8.2.1 Installing a package from local files

8.3 Loading a package

  • Installing a package downloads it from a CRAN mirror site and places it in your library. To use it in an R session, you need to load the package using the library() command . For example
library("gclus")
library("sqrtn")

8.4 Learning about a package

  • When you load a package, a new set of functions and datasets becomes available. Small illustrative datasets are provided along with sample code, allowing you to try out the new functionalities. The help system contains a description of each function (along with examples), and information on each dataset included. Entering help(package="package_name").
    • For example
    help(package="gclus")
    help(package="sqrtn")

    or

    ?gclus
    ??gclus
    ?sqrtn
    ??sqrtn

9 A short tutorial

  • Let’s use the sequence operator to produce a vector with every integer between 1 and 50:
1:50
##  [1]  1  2  3  4  5  6  7  8  9 10 11 12 13 14 15 16 17 18 19 20 21 22 23
## [24] 24 25 26 27 28 29 30 31 32 33 34 35 36 37 38 39 40 41 42 43 44 45 46
## [47] 47 48 49 50
x <-  1:50
x
##  [1]  1  2  3  4  5  6  7  8  9 10 11 12 13 14 15 16 17 18 19 20 21 22 23
## [24] 24 25 26 27 28 29 30 31 32 33 34 35 36 37 38 39 40 41 42 43 44 45 46
## [47] 47 48 49 50

Notice the numbers in the brackets on the lefthand side of the results. These indicate the index of the first element shown in each row.

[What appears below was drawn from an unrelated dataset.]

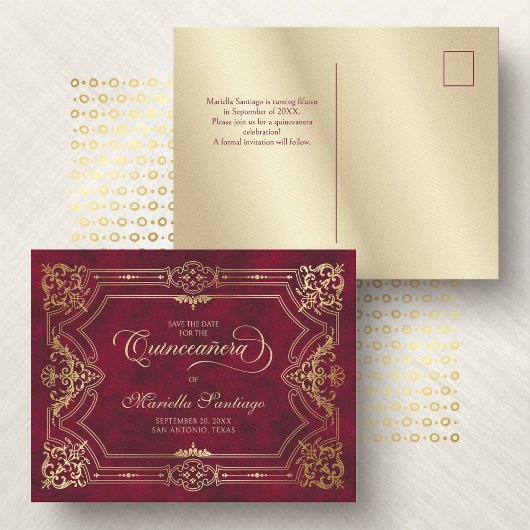 Quinceanera Save the Date Rote Postkarte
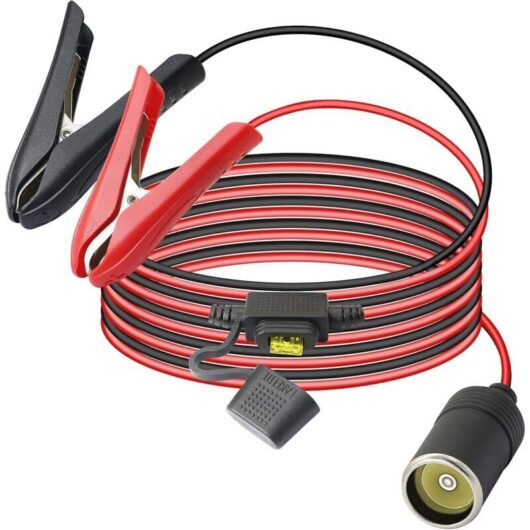 12V/24V Car Battery Clip-on to Cigarette Lighter Plug Female Adapter Extension Cable with 20A Fuse - 5.9Ft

  • When you perform an operation on two vectors, R will match the elements of the two vectors pairwise and return a vector. For example
c(1, 2, 3, 4) + c(10, 20, 30, 40)
## [1] 11 22 33 44
c(1, 2, 3, 4) - c(1, 1, 1, 1)
## [1] 0 1 2 3
c(1, 2, 3, 4) * c(10, 20, 30, 40)
## [1]  10  40  90 160
c(1, 2, 3, 4) / c(0.5, 0.5, 0.5, 0.5)
## [1] 2 4 6 8
  • If the two vectors aren’t the same size, R will repeat the smaller sequence multiple times:
 c(1, 2, 3, 4) + 1
## [1] 2 3 4 5
1 / c(1, 2, 3, 4, 5)
## [1] 1.0000000 0.5000000 0.3333333 0.2500000 0.2000000
c(1, 2, 3, 4) + c(10, 100)
## [1]  11 102  13 104
  • In R, you can also enter expressions with characters:
 "Hello world."
## [1] "Hello world."

10 References

  • Kabacoff, R. I. . (2011). “R in Action”. Manning Publications Co.
  • Baeza, S. . (2015). “R For Beginners”. CreateSpace Independent Publishing Platform.
  • Adler, J. (2010). “R in a nutshell: A desktop quick reference”. O’Reilly Media, Inc.“.